2015 saw the event move to the lakeside at Charlton Victoria. Artists here included Terrafractyl, Unseen Dimension, Basic, Ozzy, Jekyll, Interpulse, Sekkt, Hypnagog, Tom Cosm, U-One, Staunch, Timmus, Dark Nebula and Mood Machine and internationals DJ Tristan, E-Clip, Tube & Berger.

=== Buloke Shire cancellation and collapse in 2016 ===
2016 saw the event not going ahead due to refusal by the Shire of Buloke council administration to grant permission, with the council blaming Maitreya for submitting their paperwork late, while critics of the council suggesting that it was the Council's fault for embargoing paperwork which delayed the process.

While the council said that the correct paperwork had not been supplied on time, conversely, upon appeal to VCAT, VCAT suggested the event go ahead under a council clause that meant some of the paperwork was not necessary. The Council declined VCATs advice, and still refused to allow the event to run, and asked VCAT to ban the event. Local residents, some facing huge financial loss, protested, including starting an online petition asking the Council to allow the event to run.

Maitreya was proposed to run on a different site, however, the event was officially cancelled when the backup site was flooded. An FOI request was put to the council asking for copies of the internal documents dealing with the matter, but the Council refused to hand over the paperwork. The failure of the event to run and the losses made it unlikely the event would ever run again.
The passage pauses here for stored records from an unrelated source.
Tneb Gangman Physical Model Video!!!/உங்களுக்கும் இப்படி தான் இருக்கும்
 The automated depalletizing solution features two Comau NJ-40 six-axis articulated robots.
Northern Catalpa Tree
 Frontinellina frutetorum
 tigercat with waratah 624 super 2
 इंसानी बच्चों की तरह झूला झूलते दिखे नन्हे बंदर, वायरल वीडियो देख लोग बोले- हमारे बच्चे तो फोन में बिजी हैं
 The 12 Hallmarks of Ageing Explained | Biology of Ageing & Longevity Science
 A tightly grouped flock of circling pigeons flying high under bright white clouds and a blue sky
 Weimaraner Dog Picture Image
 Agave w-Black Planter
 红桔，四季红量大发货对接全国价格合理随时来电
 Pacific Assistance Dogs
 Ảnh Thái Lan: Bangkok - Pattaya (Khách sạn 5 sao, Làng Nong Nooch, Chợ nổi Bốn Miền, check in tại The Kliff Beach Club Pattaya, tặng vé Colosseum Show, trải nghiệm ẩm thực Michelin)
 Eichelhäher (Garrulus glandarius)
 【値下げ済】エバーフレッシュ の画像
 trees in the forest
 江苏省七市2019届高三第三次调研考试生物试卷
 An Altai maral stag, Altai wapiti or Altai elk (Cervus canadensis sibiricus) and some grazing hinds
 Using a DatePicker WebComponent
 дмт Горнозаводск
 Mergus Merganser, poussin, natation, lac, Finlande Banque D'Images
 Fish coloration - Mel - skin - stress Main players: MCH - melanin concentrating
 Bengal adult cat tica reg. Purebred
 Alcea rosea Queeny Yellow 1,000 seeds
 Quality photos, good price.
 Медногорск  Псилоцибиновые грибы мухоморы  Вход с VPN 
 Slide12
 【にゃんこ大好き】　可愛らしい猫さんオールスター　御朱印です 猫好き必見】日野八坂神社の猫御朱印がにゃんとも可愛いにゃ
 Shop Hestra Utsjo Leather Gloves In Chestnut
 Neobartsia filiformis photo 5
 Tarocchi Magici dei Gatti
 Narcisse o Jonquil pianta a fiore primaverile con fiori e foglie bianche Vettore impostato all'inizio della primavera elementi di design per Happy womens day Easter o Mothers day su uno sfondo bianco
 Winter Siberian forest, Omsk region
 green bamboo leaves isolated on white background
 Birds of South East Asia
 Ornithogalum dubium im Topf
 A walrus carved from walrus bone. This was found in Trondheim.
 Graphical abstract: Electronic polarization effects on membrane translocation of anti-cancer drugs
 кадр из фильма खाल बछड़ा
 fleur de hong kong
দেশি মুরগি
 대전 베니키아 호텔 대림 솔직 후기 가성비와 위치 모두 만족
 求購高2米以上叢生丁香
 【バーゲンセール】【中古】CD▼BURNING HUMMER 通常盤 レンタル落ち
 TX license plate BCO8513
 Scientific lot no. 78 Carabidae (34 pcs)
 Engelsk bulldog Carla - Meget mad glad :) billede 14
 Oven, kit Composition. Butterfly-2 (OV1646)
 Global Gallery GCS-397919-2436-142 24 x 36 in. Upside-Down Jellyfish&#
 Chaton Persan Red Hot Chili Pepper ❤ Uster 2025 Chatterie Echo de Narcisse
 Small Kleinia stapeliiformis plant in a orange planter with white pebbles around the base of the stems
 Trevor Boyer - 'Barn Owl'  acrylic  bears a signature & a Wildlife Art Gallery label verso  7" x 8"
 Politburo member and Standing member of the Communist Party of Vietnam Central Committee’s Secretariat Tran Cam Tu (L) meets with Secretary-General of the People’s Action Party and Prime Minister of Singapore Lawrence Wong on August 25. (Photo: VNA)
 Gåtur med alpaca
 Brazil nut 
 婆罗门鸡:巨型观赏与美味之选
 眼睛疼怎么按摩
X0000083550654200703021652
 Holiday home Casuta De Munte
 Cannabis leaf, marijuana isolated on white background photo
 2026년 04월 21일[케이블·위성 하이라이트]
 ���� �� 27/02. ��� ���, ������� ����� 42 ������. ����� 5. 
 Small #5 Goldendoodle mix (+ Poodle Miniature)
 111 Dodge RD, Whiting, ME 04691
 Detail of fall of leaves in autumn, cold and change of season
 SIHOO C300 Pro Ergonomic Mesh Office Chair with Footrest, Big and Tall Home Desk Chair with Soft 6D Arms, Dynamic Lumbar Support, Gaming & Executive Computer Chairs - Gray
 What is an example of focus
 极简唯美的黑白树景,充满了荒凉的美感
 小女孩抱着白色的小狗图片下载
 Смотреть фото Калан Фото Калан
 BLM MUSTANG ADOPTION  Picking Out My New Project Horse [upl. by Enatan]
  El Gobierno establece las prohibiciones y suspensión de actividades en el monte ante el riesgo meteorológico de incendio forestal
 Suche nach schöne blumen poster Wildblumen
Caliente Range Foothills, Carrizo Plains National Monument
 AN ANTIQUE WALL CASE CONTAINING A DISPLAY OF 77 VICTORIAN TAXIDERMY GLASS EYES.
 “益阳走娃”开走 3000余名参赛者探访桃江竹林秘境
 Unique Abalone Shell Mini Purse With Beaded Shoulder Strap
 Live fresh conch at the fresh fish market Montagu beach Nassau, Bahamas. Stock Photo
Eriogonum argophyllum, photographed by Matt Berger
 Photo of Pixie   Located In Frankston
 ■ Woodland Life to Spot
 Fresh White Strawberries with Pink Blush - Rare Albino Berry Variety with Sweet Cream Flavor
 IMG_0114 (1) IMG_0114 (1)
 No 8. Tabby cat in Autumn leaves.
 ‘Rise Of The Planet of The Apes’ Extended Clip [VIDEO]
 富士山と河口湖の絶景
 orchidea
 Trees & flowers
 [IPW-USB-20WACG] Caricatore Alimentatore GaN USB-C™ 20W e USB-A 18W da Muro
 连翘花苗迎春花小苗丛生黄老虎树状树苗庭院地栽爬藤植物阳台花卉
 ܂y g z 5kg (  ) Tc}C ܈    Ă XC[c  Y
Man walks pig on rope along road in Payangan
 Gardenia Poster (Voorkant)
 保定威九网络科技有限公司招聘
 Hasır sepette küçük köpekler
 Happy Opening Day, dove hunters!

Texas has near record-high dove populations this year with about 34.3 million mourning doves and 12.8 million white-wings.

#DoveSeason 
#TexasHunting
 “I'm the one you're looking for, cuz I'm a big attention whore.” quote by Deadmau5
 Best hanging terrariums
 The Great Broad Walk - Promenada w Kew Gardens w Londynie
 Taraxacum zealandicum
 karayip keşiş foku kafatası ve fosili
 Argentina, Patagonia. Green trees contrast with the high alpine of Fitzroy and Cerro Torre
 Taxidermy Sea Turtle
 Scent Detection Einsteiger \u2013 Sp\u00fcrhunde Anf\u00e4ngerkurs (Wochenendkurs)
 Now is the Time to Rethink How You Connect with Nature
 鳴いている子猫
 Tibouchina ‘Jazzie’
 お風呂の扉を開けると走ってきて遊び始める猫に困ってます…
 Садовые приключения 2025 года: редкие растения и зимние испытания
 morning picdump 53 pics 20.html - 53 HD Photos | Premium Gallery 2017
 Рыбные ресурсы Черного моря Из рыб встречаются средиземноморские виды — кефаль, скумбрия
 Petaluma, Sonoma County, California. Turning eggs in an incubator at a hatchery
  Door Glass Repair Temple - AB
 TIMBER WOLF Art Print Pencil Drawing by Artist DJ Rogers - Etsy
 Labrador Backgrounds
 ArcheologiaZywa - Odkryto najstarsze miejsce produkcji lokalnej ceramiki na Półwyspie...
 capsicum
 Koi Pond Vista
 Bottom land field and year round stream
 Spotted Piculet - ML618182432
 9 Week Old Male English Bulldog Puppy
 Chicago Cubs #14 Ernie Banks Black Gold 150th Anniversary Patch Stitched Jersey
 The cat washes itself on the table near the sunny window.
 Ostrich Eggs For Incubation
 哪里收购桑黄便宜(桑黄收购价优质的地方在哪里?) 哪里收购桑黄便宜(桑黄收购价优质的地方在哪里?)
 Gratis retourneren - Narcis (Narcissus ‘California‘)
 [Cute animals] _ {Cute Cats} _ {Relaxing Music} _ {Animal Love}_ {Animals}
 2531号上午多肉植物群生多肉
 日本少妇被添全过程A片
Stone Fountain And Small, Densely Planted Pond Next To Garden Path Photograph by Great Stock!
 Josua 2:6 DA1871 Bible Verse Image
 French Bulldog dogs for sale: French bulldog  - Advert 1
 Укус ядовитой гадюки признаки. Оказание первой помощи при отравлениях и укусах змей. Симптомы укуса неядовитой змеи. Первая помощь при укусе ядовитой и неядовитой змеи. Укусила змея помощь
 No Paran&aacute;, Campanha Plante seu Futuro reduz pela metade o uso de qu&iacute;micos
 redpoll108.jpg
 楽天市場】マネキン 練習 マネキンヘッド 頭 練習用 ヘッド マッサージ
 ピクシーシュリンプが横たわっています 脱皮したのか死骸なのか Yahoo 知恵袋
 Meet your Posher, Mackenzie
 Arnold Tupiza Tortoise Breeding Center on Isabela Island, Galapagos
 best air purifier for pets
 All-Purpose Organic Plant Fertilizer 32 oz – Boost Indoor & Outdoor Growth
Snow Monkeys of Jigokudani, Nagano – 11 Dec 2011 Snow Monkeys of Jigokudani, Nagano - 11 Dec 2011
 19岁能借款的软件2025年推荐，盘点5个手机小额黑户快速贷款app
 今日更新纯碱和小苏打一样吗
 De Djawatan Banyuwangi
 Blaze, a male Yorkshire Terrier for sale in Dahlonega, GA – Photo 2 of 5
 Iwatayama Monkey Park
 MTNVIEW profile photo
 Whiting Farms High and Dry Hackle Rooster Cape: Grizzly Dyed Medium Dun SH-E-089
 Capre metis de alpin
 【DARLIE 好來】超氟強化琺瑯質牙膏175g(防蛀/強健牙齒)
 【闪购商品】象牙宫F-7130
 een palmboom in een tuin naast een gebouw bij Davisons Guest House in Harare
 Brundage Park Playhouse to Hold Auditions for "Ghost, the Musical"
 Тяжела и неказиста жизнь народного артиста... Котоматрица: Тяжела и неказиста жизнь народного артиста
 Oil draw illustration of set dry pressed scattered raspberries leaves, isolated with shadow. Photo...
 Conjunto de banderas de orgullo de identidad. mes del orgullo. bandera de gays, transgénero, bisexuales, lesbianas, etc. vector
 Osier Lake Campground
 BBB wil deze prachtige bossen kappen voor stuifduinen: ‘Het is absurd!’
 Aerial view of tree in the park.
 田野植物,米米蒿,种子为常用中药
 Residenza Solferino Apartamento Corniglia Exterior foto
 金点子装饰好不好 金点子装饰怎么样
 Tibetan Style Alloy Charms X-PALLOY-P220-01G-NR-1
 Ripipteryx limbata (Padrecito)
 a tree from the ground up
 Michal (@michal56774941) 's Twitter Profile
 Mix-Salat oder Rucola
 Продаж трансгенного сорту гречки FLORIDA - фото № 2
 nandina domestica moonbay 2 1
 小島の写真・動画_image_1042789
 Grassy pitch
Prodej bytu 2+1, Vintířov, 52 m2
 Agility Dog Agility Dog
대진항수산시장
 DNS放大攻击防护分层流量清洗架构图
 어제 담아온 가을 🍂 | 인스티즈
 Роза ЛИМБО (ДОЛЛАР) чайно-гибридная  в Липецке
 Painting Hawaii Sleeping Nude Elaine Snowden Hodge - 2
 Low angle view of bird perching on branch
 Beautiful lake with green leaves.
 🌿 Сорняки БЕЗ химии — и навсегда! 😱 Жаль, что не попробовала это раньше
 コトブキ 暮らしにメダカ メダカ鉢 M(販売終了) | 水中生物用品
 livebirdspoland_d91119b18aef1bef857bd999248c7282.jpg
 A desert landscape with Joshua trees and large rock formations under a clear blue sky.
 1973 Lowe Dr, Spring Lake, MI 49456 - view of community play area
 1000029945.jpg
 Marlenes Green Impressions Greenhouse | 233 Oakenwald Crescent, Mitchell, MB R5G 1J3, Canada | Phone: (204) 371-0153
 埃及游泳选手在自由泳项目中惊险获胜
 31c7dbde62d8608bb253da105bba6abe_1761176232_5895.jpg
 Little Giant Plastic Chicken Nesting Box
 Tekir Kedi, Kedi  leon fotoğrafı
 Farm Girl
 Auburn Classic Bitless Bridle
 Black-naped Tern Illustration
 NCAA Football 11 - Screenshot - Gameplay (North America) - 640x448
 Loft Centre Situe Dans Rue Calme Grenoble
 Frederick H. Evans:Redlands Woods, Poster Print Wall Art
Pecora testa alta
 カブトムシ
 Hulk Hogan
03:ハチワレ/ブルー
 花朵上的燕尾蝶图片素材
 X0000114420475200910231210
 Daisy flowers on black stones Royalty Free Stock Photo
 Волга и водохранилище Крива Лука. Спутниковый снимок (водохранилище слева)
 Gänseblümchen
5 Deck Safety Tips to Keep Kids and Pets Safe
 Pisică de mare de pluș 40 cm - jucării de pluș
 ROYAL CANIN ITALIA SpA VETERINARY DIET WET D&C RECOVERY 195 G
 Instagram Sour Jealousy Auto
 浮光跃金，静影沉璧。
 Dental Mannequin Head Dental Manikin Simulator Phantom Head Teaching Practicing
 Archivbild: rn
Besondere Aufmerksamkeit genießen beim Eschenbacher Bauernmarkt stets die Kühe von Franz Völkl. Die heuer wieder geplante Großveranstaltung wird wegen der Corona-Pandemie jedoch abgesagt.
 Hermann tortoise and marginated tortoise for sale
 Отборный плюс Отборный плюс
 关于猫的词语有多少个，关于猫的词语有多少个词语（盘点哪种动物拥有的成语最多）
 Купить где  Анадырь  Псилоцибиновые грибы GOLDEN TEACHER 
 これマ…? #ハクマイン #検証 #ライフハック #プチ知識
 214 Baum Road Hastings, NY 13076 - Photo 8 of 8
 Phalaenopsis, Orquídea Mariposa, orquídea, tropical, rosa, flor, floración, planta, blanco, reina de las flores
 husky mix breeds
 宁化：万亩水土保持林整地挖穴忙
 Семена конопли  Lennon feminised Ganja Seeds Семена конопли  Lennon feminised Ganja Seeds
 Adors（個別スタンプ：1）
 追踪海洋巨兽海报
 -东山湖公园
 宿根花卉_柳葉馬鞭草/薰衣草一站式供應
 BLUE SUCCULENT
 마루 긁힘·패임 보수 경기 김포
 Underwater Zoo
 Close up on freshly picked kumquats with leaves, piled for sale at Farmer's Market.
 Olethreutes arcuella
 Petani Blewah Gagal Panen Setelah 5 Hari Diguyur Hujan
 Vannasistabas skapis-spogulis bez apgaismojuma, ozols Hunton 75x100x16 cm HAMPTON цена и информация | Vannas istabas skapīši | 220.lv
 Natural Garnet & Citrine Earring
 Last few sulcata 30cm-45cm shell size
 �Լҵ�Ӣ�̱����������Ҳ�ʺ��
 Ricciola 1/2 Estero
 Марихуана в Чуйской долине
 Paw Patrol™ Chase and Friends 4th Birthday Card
Following the cancellation of the festival, confusion arose over refunds for the more than $1 million in tickets sold through Trybooking. After initial confusion about legal responsibility for refunds was clarified by Consumer Affairs Victoria, the ticketing platform refunded $520,524 to customers, and subsequently filed proceedings in the Victorian Supreme Court seeking $409,082 in damages.